Sometime over the last 15 years an animated-blockbuster formula was carved onto stone tablets by Disney. Take an odd coupling of bumbling animals, one large and fussy, the other small and volatile. Send them out on an adventure together with little but the charm of their celebrity voices to protect them, pit them against an antagonist of frothing hostility, and stand back as bumper-sticker lessons about friendship and loyalty crowd the screen.
Open Season follows this formula to the letter. A domesticated grizzly bear (Martin Lawrence) and mule-deer sidekick (Ashton Kutcher) try to find their way back home after being deposited deep in the woods, fighting off a delusional hunter and becoming best friends as they go. The movie is long on manic energy and bathroom humor but short on real storytelling, emotion or characters.
I realize we're talking about a children's movie here, and the horde of 5-year-olds at the screening I went to seemed to like Open Season just fine. But even kids deserve movies that strive to be inventive and surprising rather than just lazy, clichéd, prepackaged nonsense. They're our future, after all. I worry about a generation of kids who grow up watching movies that mistake clamor for originality, irony for imagination, and pop-culture references for storytelling. I worry about a generation of kids who think Ashton Kutcher is funny.

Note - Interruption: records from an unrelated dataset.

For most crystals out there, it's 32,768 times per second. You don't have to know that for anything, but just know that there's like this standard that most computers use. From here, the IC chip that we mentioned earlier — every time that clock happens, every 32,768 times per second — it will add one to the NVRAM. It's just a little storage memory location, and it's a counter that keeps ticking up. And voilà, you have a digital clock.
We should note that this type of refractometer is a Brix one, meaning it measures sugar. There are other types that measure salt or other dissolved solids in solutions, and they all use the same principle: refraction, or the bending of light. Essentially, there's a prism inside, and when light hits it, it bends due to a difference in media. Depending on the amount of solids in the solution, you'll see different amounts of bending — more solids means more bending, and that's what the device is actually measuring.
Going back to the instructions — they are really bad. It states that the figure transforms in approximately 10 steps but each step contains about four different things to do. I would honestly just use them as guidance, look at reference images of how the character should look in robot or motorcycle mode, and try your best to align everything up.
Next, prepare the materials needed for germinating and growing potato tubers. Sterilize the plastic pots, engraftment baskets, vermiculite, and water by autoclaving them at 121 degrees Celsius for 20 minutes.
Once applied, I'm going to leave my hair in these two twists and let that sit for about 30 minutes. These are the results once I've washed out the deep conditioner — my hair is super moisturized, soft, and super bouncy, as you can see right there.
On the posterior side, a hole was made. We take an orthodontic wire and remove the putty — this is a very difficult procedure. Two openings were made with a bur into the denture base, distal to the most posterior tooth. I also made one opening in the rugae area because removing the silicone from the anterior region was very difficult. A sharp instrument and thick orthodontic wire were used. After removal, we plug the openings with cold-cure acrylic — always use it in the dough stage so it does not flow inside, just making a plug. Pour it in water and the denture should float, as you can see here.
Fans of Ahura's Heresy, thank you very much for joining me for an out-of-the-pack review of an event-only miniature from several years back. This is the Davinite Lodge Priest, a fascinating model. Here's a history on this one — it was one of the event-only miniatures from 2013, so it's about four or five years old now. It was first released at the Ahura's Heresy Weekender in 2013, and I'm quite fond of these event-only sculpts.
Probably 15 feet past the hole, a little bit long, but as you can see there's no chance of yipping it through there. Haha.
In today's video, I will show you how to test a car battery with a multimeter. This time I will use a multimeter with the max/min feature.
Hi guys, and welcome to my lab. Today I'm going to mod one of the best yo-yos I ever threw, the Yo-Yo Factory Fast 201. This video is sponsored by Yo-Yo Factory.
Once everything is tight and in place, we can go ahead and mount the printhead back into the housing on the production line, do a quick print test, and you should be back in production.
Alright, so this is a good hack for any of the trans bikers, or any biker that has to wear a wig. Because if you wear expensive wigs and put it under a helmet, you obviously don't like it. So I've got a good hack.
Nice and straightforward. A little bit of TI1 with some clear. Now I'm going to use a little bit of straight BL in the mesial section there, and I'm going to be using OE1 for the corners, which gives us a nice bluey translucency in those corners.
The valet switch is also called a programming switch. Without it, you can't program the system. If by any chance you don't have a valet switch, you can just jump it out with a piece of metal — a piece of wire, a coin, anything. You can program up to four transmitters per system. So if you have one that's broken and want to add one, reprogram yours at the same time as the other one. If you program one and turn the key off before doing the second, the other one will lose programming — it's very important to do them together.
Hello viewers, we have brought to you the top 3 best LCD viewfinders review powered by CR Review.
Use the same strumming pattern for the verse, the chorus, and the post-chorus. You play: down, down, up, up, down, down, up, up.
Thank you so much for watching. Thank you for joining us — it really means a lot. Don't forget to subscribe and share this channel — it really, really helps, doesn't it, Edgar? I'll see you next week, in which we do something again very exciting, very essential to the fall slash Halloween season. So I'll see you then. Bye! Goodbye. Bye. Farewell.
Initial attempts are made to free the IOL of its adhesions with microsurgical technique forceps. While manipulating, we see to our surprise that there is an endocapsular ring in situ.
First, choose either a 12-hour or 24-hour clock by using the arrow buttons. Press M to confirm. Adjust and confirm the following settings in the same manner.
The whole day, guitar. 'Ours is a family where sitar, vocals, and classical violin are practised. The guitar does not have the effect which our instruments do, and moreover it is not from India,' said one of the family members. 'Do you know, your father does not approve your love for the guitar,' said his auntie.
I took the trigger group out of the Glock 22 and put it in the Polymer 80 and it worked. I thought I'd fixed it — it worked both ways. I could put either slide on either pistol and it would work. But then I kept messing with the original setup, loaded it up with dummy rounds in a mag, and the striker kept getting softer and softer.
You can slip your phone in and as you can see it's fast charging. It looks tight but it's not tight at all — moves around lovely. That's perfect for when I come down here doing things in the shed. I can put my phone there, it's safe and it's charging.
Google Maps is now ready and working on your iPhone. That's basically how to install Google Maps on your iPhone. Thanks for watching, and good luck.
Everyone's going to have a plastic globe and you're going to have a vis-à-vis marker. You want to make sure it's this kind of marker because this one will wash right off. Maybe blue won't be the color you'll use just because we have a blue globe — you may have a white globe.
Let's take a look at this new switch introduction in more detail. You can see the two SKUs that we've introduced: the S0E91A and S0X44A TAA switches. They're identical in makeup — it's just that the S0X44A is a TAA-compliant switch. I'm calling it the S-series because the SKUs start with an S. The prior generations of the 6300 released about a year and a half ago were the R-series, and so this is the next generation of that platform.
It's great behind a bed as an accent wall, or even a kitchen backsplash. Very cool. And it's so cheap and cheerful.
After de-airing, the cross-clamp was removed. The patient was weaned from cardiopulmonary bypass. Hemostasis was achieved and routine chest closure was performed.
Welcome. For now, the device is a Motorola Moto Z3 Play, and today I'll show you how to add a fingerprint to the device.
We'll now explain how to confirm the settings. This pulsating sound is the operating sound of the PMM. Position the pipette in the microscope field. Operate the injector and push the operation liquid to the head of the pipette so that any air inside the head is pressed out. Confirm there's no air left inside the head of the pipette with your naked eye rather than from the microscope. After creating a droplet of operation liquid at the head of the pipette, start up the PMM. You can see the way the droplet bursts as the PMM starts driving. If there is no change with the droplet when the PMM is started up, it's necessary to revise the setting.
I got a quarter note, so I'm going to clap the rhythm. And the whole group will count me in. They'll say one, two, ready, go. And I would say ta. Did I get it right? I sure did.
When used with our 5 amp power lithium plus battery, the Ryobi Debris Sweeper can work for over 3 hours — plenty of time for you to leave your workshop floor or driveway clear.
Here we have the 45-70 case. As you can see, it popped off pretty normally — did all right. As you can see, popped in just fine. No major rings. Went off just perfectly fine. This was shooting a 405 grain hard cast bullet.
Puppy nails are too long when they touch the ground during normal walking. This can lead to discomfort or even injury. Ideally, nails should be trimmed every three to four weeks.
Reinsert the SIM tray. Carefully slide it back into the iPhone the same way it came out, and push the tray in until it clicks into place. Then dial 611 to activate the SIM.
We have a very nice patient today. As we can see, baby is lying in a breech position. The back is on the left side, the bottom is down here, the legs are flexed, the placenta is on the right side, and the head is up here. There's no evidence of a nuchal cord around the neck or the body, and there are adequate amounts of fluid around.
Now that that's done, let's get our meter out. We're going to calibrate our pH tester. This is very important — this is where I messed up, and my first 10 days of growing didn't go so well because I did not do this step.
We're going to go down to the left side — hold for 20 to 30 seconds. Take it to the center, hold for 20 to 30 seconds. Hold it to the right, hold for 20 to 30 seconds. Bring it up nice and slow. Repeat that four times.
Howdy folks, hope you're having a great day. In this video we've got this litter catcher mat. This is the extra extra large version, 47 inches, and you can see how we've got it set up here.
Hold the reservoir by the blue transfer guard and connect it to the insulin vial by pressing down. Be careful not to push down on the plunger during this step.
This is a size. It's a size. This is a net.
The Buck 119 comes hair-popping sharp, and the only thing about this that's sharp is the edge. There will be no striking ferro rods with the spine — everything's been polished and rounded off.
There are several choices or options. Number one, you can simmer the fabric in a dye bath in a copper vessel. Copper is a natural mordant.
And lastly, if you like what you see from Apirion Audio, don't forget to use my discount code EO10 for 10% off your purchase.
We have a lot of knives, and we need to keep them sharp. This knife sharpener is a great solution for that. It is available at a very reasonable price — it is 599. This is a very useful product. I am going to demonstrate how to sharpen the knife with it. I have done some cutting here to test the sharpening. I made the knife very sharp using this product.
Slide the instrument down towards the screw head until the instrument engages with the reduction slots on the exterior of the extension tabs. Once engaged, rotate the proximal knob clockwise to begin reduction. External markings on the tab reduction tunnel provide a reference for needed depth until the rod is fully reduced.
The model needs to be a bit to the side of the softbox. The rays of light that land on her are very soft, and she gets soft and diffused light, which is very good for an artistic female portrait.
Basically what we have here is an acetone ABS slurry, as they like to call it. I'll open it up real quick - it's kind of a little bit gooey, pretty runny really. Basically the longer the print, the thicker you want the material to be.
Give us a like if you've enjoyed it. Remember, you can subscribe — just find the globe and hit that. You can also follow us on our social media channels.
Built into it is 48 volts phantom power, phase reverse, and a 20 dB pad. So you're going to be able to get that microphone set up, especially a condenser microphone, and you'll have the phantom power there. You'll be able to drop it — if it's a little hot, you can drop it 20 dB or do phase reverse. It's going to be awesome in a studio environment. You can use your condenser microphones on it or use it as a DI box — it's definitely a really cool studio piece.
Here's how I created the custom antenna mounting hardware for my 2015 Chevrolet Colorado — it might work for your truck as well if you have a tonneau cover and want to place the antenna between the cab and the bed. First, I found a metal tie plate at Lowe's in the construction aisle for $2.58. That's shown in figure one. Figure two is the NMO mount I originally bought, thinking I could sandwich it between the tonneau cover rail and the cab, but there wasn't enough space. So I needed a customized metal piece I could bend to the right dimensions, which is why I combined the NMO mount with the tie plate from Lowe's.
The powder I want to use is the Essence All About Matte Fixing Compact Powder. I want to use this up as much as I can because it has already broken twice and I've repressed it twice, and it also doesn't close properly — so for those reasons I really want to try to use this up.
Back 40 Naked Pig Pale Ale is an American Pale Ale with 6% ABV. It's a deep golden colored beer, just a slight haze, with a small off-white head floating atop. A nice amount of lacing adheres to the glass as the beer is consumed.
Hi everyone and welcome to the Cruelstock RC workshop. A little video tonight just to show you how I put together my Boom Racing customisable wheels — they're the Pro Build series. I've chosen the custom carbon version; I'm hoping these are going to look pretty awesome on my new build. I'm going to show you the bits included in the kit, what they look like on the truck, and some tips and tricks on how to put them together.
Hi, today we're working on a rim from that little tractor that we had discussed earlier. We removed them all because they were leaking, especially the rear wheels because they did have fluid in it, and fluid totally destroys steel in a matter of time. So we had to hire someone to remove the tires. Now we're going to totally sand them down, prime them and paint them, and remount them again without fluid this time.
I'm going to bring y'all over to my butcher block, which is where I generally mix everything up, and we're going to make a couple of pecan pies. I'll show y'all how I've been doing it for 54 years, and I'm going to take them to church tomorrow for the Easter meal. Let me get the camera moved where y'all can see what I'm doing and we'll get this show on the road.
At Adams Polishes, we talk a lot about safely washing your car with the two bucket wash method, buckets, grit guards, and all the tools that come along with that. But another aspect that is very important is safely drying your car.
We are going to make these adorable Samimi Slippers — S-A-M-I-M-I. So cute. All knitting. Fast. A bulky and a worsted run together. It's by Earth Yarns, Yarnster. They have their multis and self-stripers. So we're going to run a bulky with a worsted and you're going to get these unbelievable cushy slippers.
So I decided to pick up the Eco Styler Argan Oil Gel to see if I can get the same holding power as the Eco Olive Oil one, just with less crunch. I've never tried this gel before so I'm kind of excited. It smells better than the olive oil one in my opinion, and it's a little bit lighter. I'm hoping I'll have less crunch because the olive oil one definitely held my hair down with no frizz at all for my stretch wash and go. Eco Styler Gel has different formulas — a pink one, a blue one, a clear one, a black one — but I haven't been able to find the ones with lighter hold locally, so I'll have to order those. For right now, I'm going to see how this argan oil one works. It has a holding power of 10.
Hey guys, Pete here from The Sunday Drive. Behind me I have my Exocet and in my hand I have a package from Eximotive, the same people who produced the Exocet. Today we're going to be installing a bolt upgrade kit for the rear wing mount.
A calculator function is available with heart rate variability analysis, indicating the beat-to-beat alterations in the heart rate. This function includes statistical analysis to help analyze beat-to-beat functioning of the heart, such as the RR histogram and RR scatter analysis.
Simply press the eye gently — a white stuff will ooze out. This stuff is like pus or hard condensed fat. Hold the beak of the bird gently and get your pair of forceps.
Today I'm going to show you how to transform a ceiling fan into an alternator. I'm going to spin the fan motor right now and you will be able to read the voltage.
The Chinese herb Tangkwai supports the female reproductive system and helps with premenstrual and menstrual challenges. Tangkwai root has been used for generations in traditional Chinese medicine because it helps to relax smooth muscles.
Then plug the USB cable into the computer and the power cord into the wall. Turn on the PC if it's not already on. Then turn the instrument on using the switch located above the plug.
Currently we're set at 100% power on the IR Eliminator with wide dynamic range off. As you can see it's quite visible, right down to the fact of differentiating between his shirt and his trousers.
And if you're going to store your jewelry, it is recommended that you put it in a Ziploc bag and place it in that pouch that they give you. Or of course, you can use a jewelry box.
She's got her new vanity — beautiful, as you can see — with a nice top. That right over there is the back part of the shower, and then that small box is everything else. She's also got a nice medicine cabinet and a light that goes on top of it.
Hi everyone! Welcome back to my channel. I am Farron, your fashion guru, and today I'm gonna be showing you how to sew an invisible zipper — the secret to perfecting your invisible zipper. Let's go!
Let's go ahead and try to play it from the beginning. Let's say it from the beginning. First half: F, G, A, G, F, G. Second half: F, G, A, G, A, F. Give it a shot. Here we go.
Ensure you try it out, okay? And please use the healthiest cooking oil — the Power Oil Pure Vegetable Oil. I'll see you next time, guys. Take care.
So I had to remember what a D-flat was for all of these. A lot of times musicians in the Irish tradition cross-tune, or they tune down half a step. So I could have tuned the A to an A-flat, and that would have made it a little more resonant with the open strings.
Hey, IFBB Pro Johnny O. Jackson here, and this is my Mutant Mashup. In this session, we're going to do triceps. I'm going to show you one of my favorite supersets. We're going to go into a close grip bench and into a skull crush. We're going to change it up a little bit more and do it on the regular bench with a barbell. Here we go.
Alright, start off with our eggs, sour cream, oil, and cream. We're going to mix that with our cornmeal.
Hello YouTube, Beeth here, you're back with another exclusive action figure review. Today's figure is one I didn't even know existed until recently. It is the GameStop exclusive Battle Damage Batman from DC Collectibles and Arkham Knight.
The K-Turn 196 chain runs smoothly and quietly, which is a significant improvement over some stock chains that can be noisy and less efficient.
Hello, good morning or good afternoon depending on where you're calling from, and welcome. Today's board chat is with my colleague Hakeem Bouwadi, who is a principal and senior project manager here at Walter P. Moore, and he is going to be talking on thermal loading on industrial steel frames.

The directors of Open Season had hands in creating classics like The Lion King, Monsters, Inc. and Toy Story, and they do an admirable job of making their movie sparkle with CGI glitter. But Open Season remains little more than paint-by-numbers filmmaking, and it fails in the most important charge of any children's movie: to transport its impressionable audience to a world where anything is possible, rather than to one where everything's been thought of already.